The directors subject of Proposal #1 are to be identified and appointed to the Independent Board Committee responsible for evaluating and recommending alternative plans for shareholder value maximization.

Statement in Support of this Proposal:

As of the date of the submission of this Proposal (February 25, 2005), the process of reviewing expressions of interest in Noranda, and various means of maximizing shareholder value, had not yet been disclosed to result in any tangible success.

    Noranda common shares have underperformed the benchmark S&P/TSX Canadian Diversified Metals & Mining Total Return Index over the past five years and over the past fiscal year.

    On June 15, 2004, the day before the Corporation disclosed it had received expressions of interest, Noranda common shares closed trading at $21.99 Cdn on the TSX and $16.06 US on the NYSE. On February 24, 2005, Noranda common shares closed trading at $22.90 Cdn and $18.50 US.

    This modest share appreciation was in spite of record and substantially higher prices for the metals and other commodities Noranda and Falconbridge mine, smelt, refine and take to market.

    On March 9, 2005, the Corporation announced a proposed merger with Falconbridge Limited. The proposed merger would appear attractive at the proposed share exchange ratio, as it will allow the Corporation to have access to its reported consolidated cash flows which were $1.2 billion for 2004, and is not excessively dilutive to earnings per share.

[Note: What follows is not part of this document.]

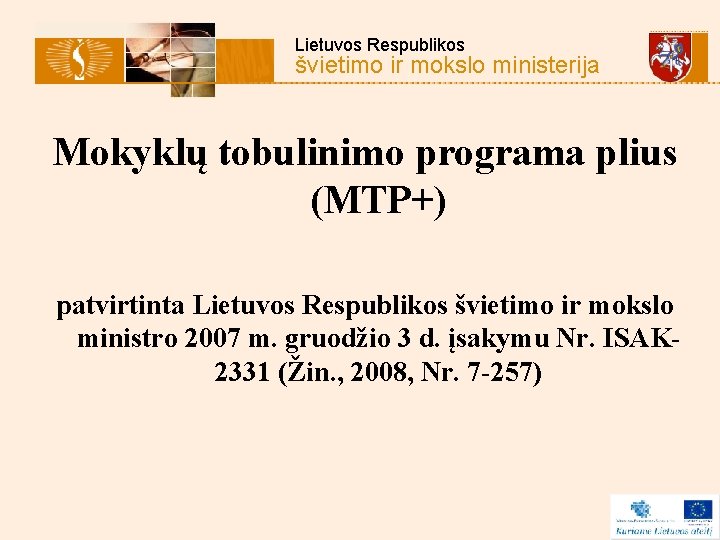 Lietuvos Respublikos švietimo ir mokslo ministerija Mokyklų tobulinimo programa plius (MTP+) patvirtinta Lietuvos Respublikos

It will increase the shares outstanding of the Corporation from approximately 290 million to 423 million, increasing the public share float and share trading liquidity.

    However, the Corporation has not nominated a new director to the proposed combined Board of the merged Corporation since the 2002 AGM, and that was the present CEO of the Corporation.

    Adding new, qualified, independent and unrelated directors to the Independent Board Committee is urgent and crucial to properly evaluate recently proposed plans affecting the stake of the common shareholders in the Corporation.

Recommendation of the Board of Directors:

See the Board's recommendations for Proposal No. 1 particularly in relation to the new Board's contemplated composition following completion of the Falconbridge Offer. The Corporation believes that the Independent Directors' Committee is and has, since its inception, been properly constituted with independent and qualified members of the Board. For this reason and in light of the Corporation's announcement on March 9, 2005 of its intention to make the Falconbridge Offer and the Preference Share Exchange Offer, the Corporation does not believe that any changes to this Committee are necessary or appropriate.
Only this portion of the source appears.